**Exercise goal**
The reply should consist solely of the lines from the one that holds "That is the" through the last line of the material, reproduced exactly; no pictures belong in it.

Data provided Start Marker

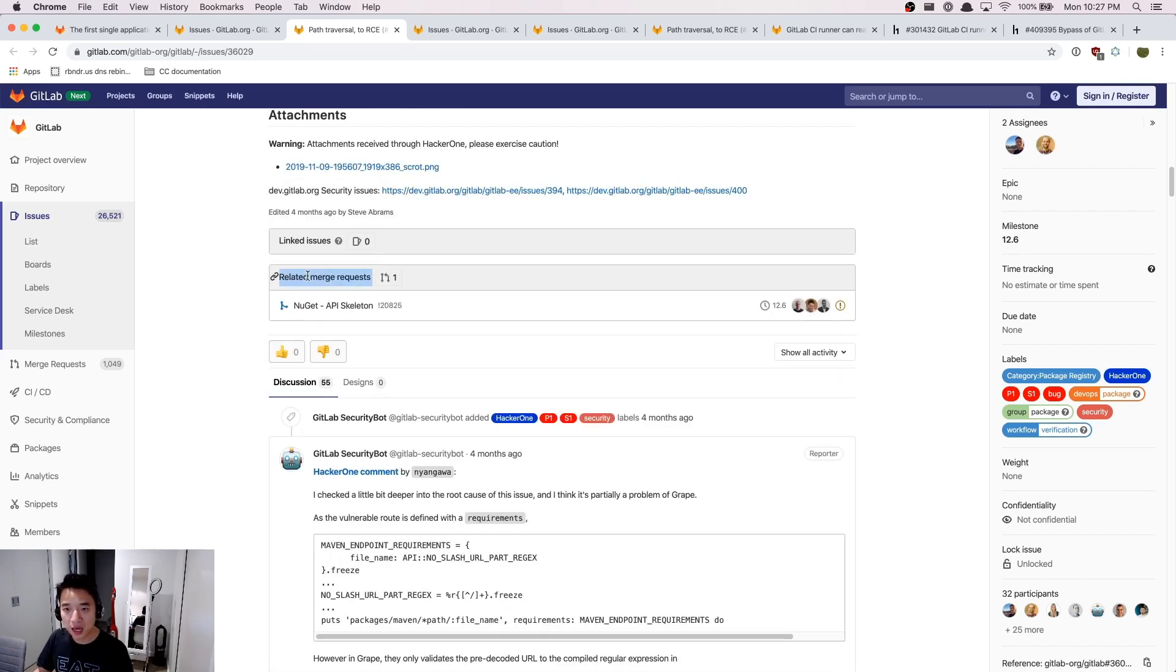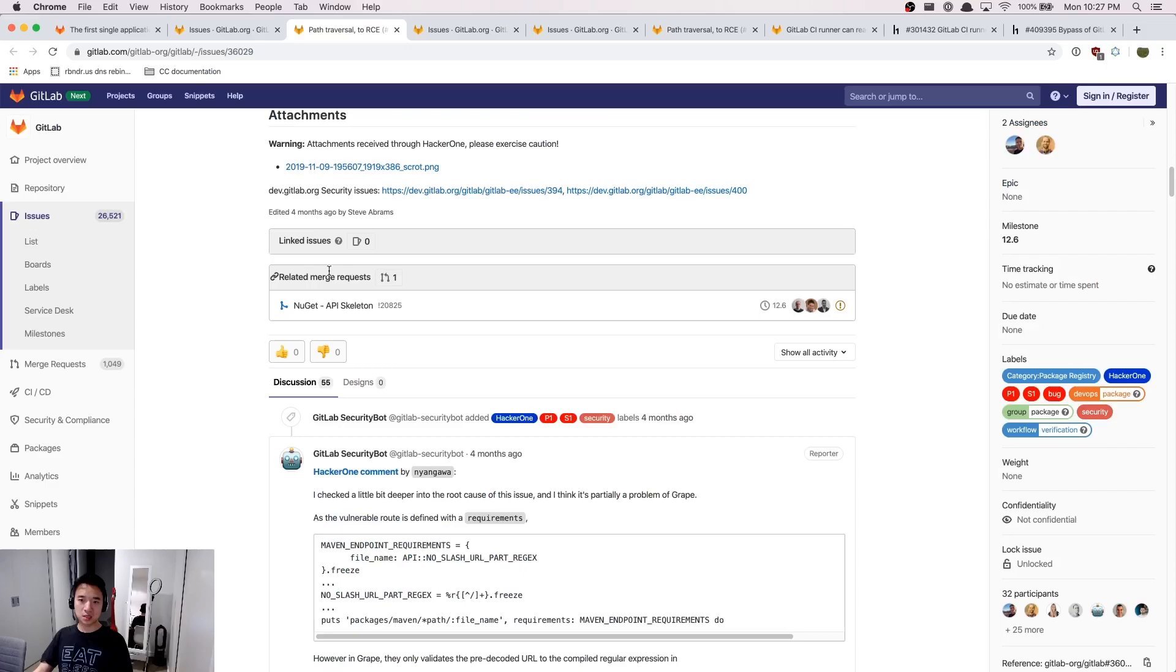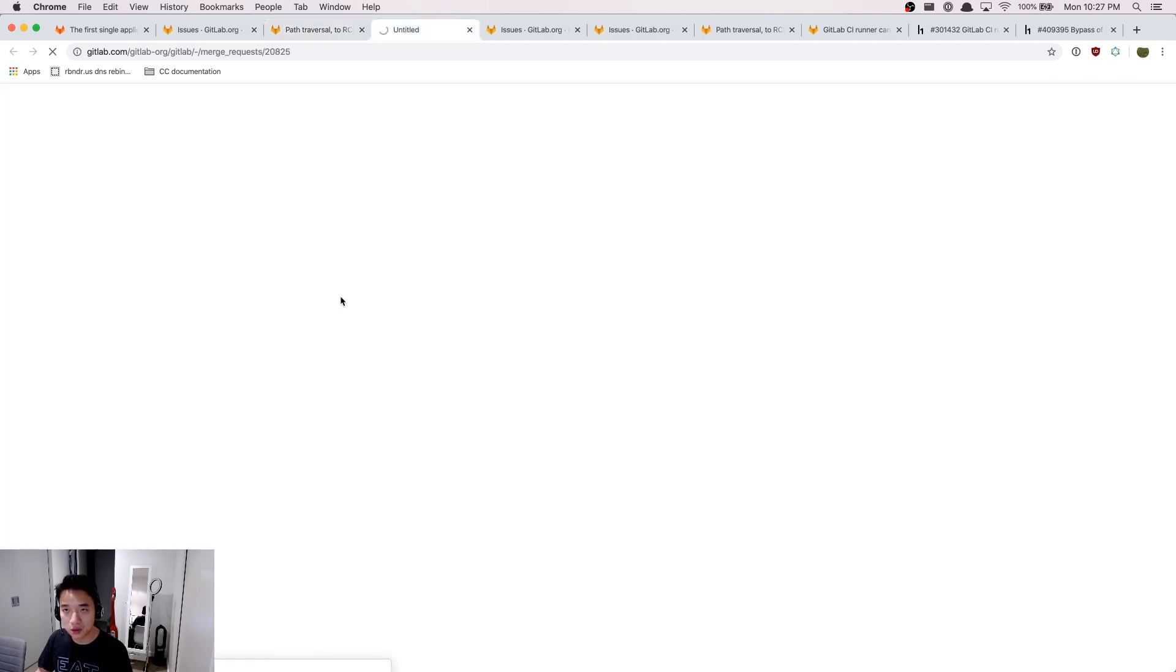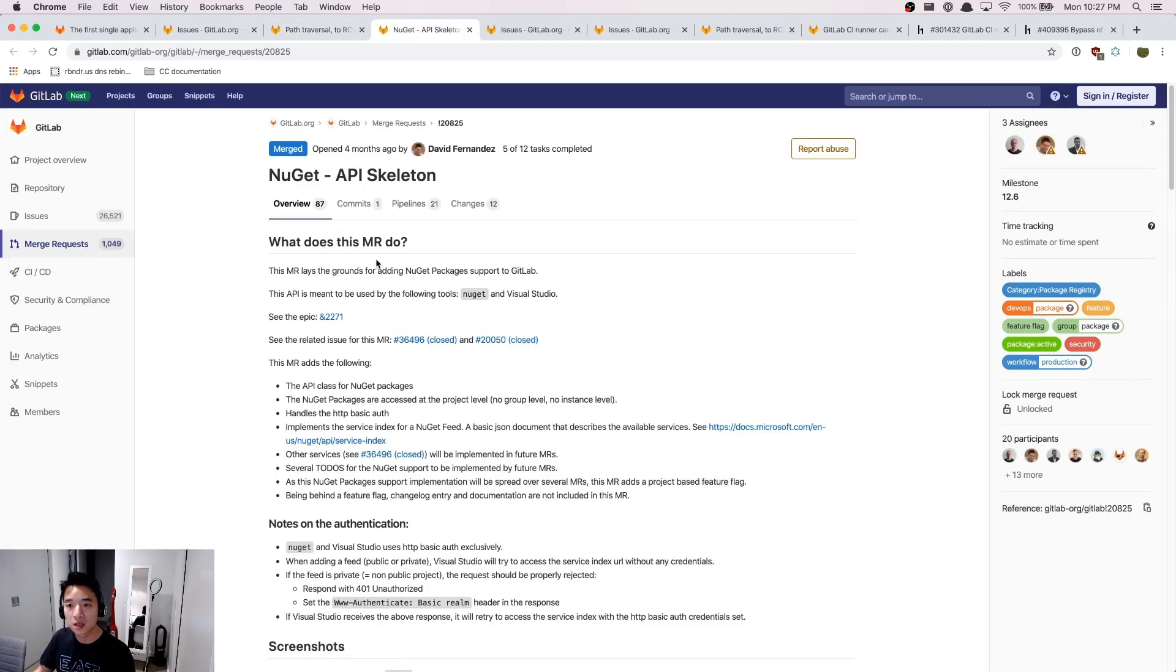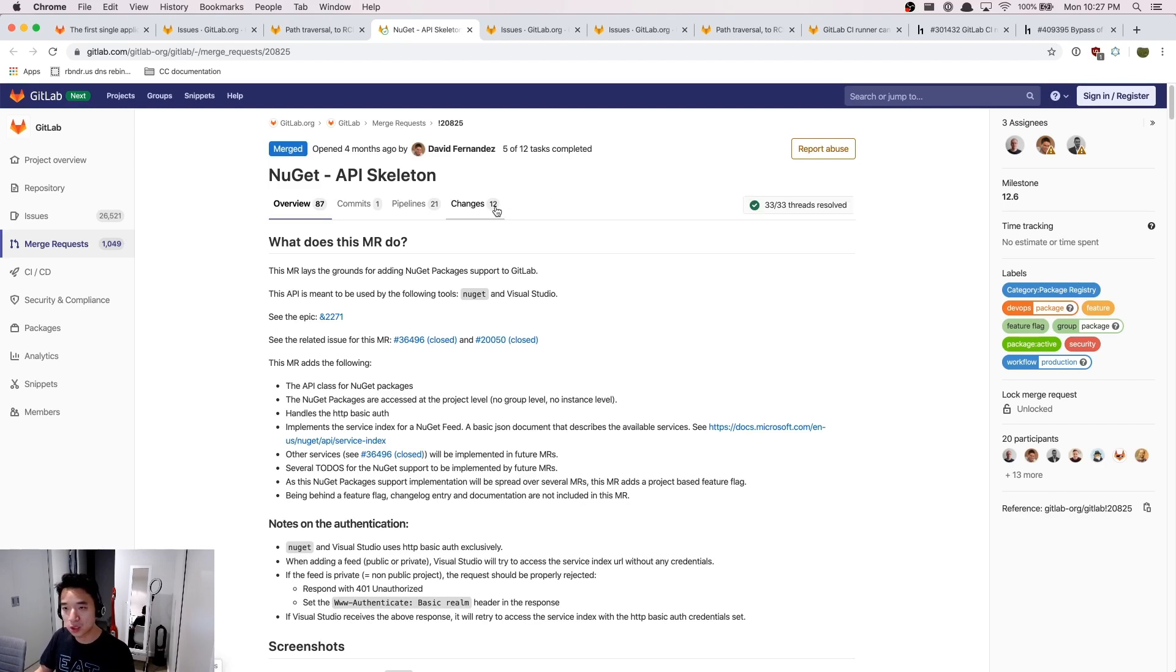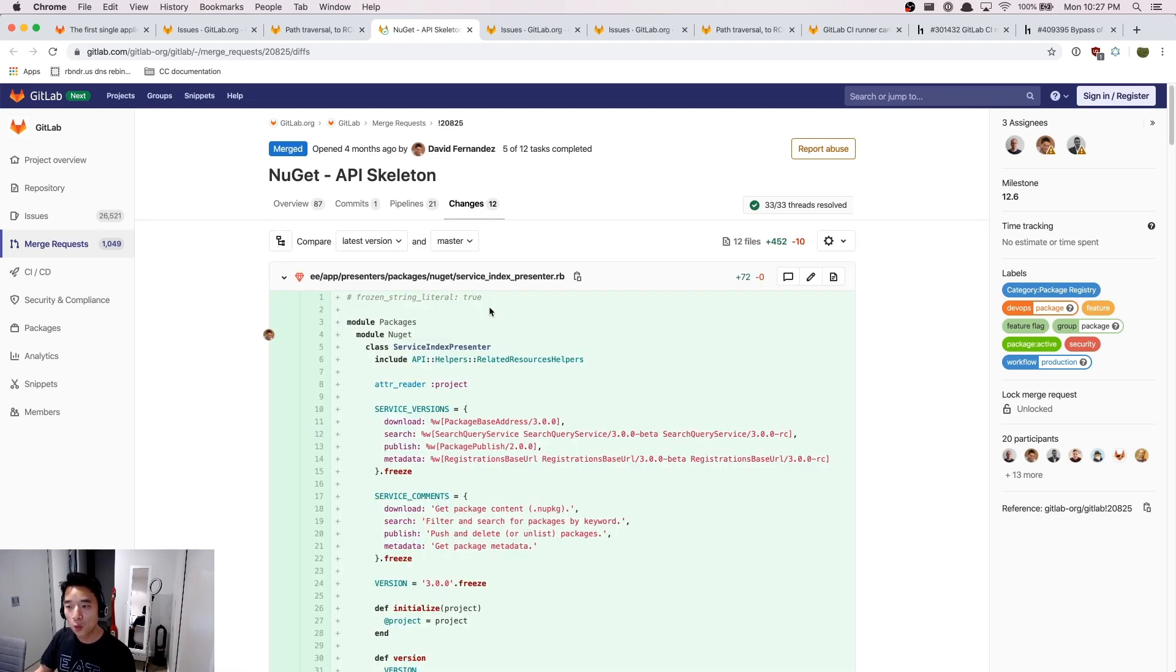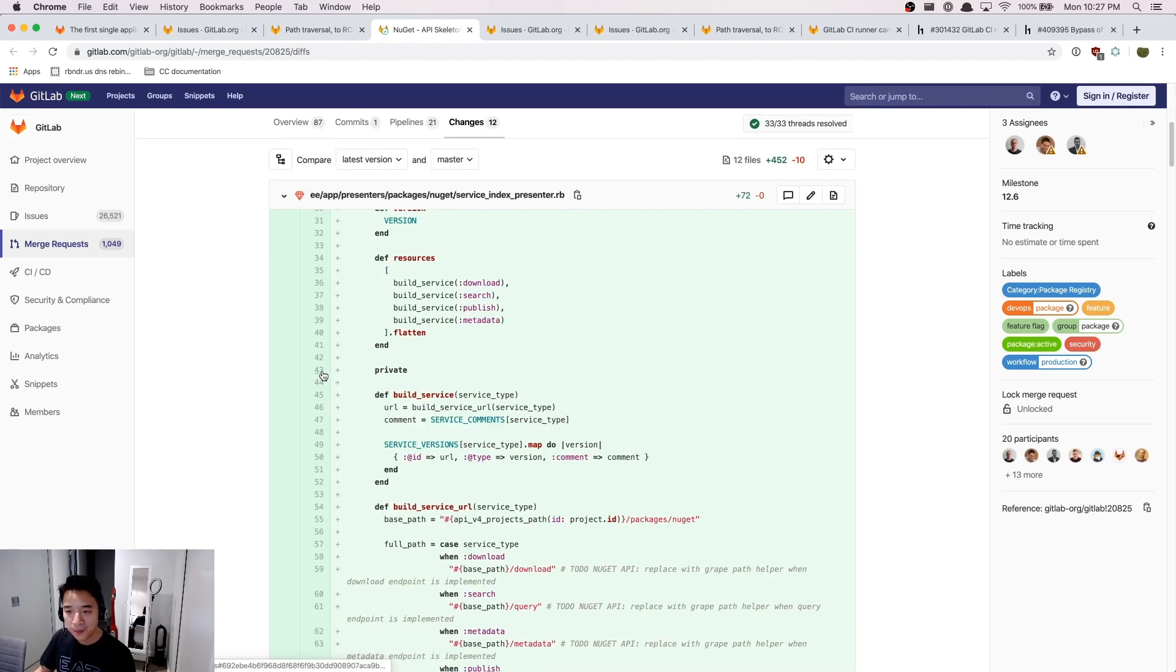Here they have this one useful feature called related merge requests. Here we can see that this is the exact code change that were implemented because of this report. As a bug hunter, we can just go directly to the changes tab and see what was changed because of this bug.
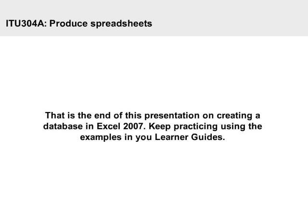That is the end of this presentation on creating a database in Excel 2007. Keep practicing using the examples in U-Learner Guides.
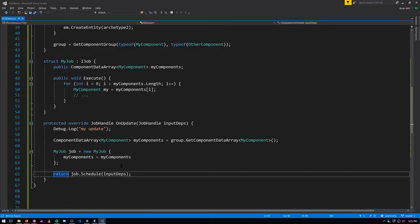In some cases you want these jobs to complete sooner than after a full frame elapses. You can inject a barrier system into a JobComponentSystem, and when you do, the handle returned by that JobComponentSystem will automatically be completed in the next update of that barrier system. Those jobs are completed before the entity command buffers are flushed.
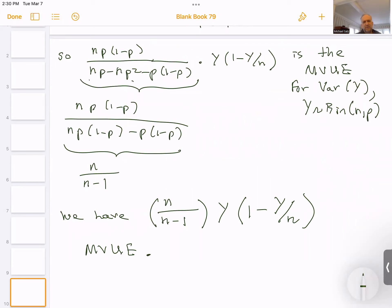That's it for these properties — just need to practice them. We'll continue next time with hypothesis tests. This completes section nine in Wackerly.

Data provided End Marker

**Solution to this task**
That is the end of this presentation on creating a database in Excel 2007. Keep practicing using the examples in U-Learner Guides.
In some cases you want these jobs to complete sooner than after a full frame elapses. You can inject a barrier system into a JobComponentSystem, and when you do, the handle returned by that JobComponentSystem will automatically be completed in the next update of that barrier system. Those jobs are completed before the entity command buffers are flushed.
That's it for these properties — just need to practice them. We'll continue next time with hypothesis tests. This completes section nine in Wackerly.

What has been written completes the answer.